Introducing out 2011 India Developement Scholarship Winners
After numerous applications, interviews and good amount of deliberation – Antipodeans Abroad are proud to announce the 2011 India Development Scholarship winners. Congratulations Anna King, Laura Keenan, Matt Withers and Ingrid Stear on your success. Our India Development Scholarship sends keen and driven university students to India for three months. Whilst there, students work on a pilot project in the heart of the desert state of Rajasthan, gaining unique international community development experience in India.
We rounded up our scholarship winners to ask them a few questions about what they hoped to achieve during their three months in India.
Why did you decide to apply for the scholarship, and what to do hope to get out of it?
Anna King:
Anna is doing her Master of Development Studies at Melbourne University and heard about Antipodeans through a university lecturer.

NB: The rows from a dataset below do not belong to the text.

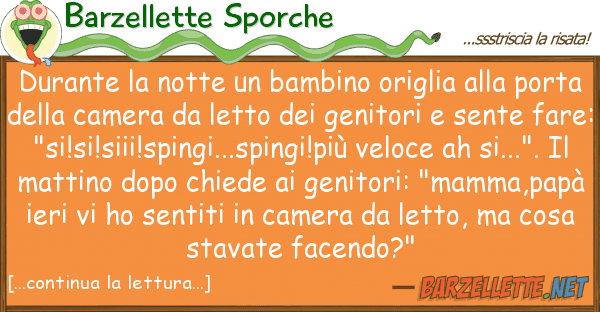Barzellette Sporche durante notte bambino origlia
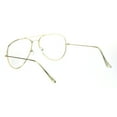 thumbnail image 4 of Trendy Oversized Officer Style Tear Drop Shape Metal Clear Lens Eyeglasses Shiny Gold, 4 of 4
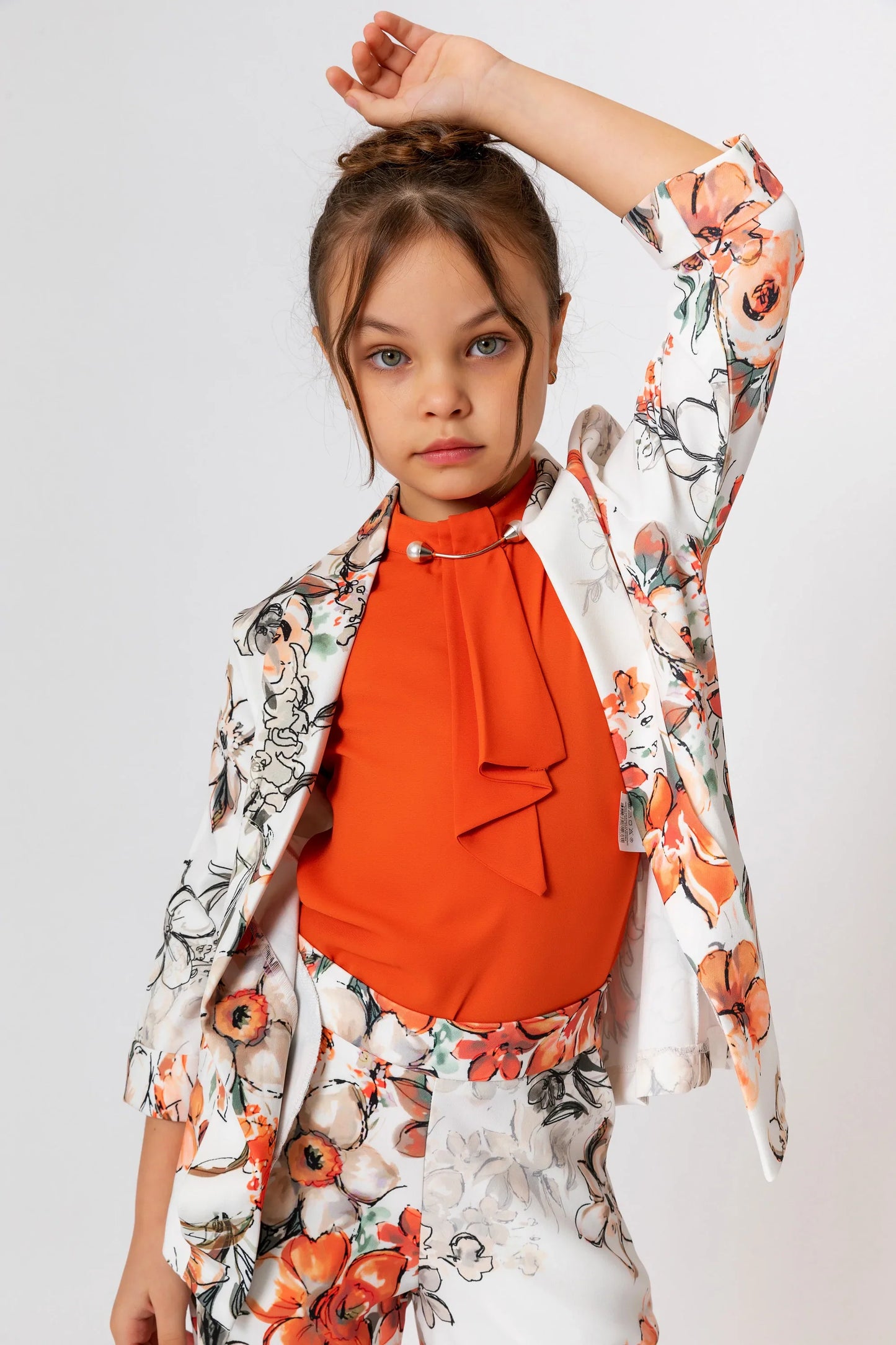 InCity Kids Girls Open Front Floral Print 3/4 Sleeve Jacket Blazer InCity Boys & Girls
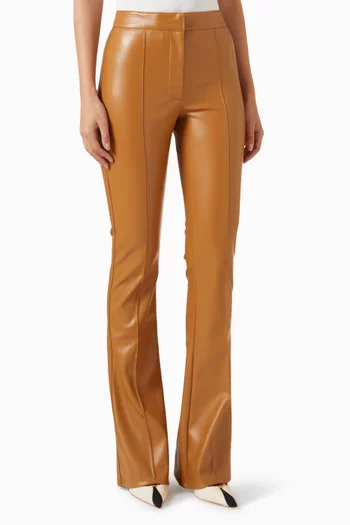 Flared-leg Pants in Eco Leather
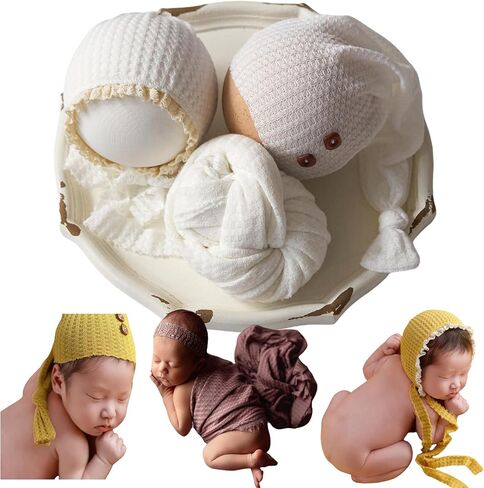 Zeroest Stretch Newborn Photography Wraps for Baby Boys & Girls, Newborn Baby Photo Photoshoot Posing Wrap Hat Bonnet 3Pcs in Saudi Arabia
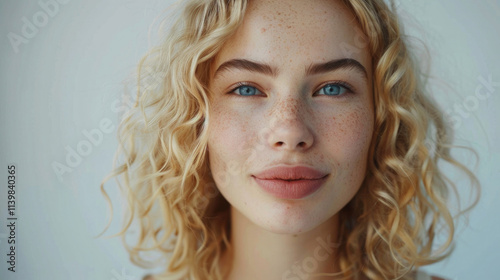 Young woman with curly blonde hair and blue eyes poses against a neutral background showcasing natural beauty and confidence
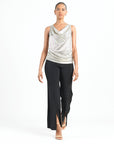 Shimmer Foil Lamé - Cowl Neck Draped Tank - Champagne - Limited Sizes - XS, XL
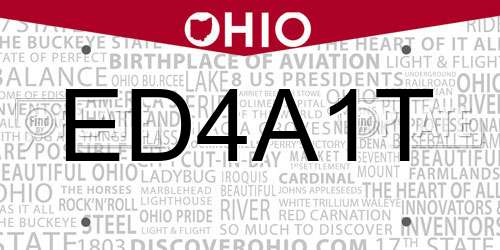 ED4A1T Ohio License Plate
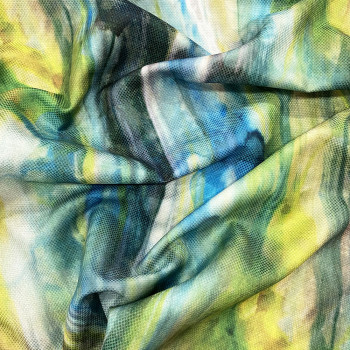 100% polyester piqué fabric with shades of green print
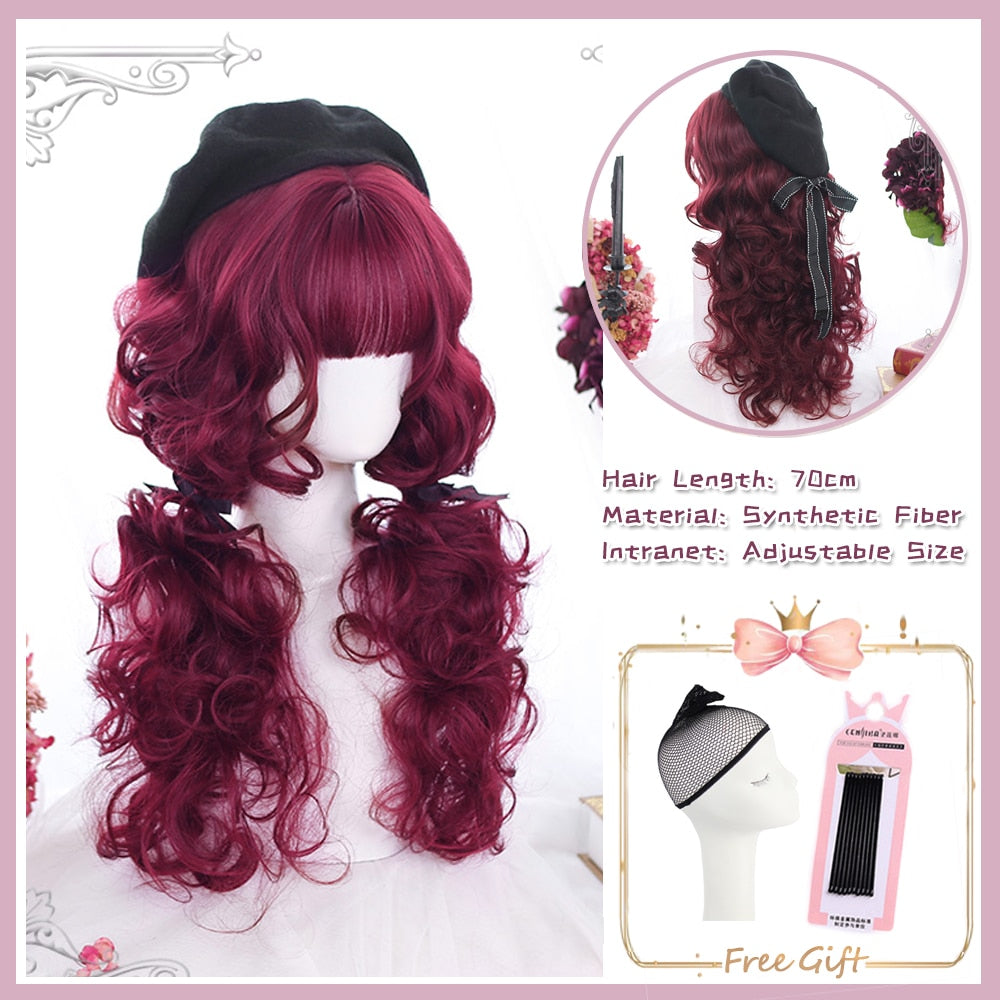 Cosplay Purple Blue High Gloss Bangs Synthetic Long Curly Hair Wig Lolita Women Heat-resistant Wig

“I'm a firm believer in positive liberty and that everyone should have equal access to all the opportunities that life presents. I am particularly passionate about gender equality and if women aren't ruling the world, it should be because we don't want to and not because we're not empowered to.”
Laura Keenan:
Laura is finishing a Masters in Development Studies at the University of Sydney, where she’s been specialising in the political economy of public health. This follows a couple of years working for NGOs in South Asia, most recently as a Communications Officer for a charity based in Kathmandu, Nepal focusing on sustainable development in mountain areas.
I heard about the Antipodeans Abroad scholarship through the Peace and Conflict Studies Centre at the University, and thought it would be a great opportunity to gain experience working closer to the field. I’m looking forward to working in an area that has experienced progress in creating access to education for girls, and to seeing the wider social impact of this. It’s also going to be very interesting to see the changes that have occurred in India since I was last there!
Matt Withers:
Matt is a recent Arts graduate from the University of Sydney and is currently awaiting the start of his honours degree in the field of Government and International Relations. Much of Matt’s time at uni has been spent studying developmental issues and his upcoming thesis seeks to explore some of the structural impediments to economic development in Sub-Saharan Africa and South Asia.
Ideally, I’d like to not only to assist those in very real need but also to better my own understanding of developmental issues. I believe a strictly academic perspective of development has a tendency to bury human suffering under mounds of statistics and runs the risk of painting a very sterile portrait of the everyday tragedies endured by an increasing percentage of the world's population. At the risk of sounding too optimistic, I hope that this placement provides me with an opportunity to transcend the insights offered by study and tourism and get a more authentic impression of the issues facing the developing world.
Furthermore, I hope I can effectively use what modest communication skills I've garnered while working as a journalist in Estonia to make a contribution to such a worthwhile cause. As a tutor, both of schools students on the weekend and of an autistic child during the week, I believe education is of tantamount importance; particularly in an instances such as rural India's, where it so often selectively malnourished along gender lines.
What are you looking forward to/nervous about?
Anna King:
I have terrible sense of direction and am very worried about getting lost in Delhi! But I'm really looking forward to soaking in all the riches of Indian society and culture.
Matt Withers:
Fears? I've been to India once before and was amazed by the size and variety of accidents on Rajasthani highways. As a keen cyclist I'm already harbouring plans to pick up a second-hand bike from Jodhpur; I just hope I don't end up making a contribution to that Noah's Ark of ornate Indian truck victims!